DATASET EXCERPT:
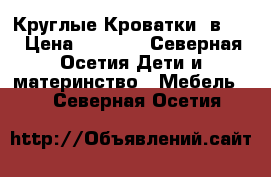 Круглые Кроватки 7в1.  › Цена ­ 7 500 - Северная Осетия Дети и материнство » Мебель   . Северная Осетия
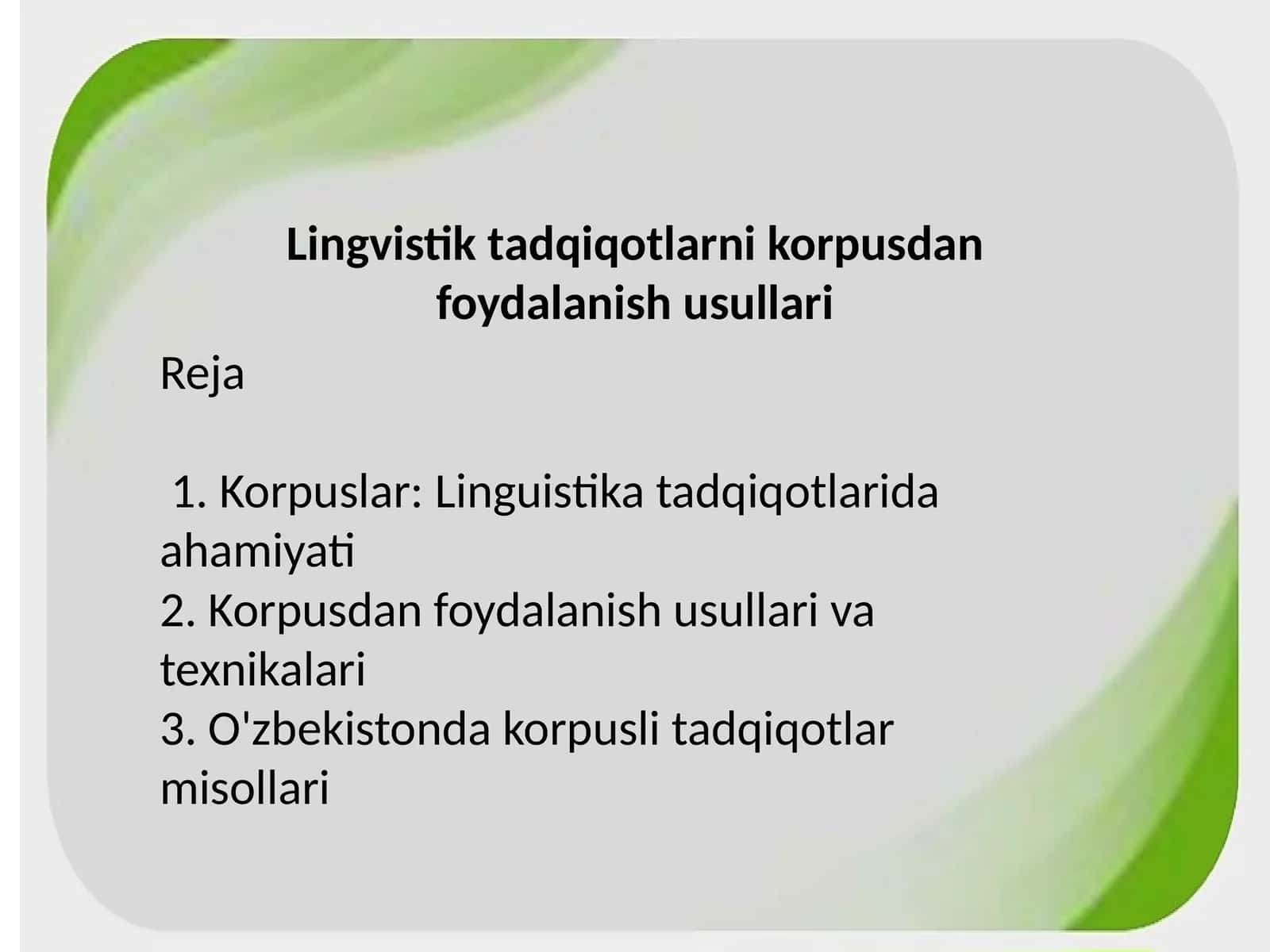 Lingvistik tadqiqotlarni korpusdan foydalanish usullari 1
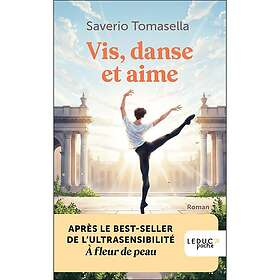 Vis, danse et aime (Poche)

THE PROBLEM: With the pictures removed, repeat the listing above exactly as it stands.

ANSWER SECTION:
 Круглые Кроватки 7в1.  › Цена ­ 7 500 - Северная Осетия Дети и материнство » Мебель   . Северная Осетия
 Lingvistik tadqiqotlarni korpusdan foydalanish usullari 1
 Vis, danse et aime (Poche)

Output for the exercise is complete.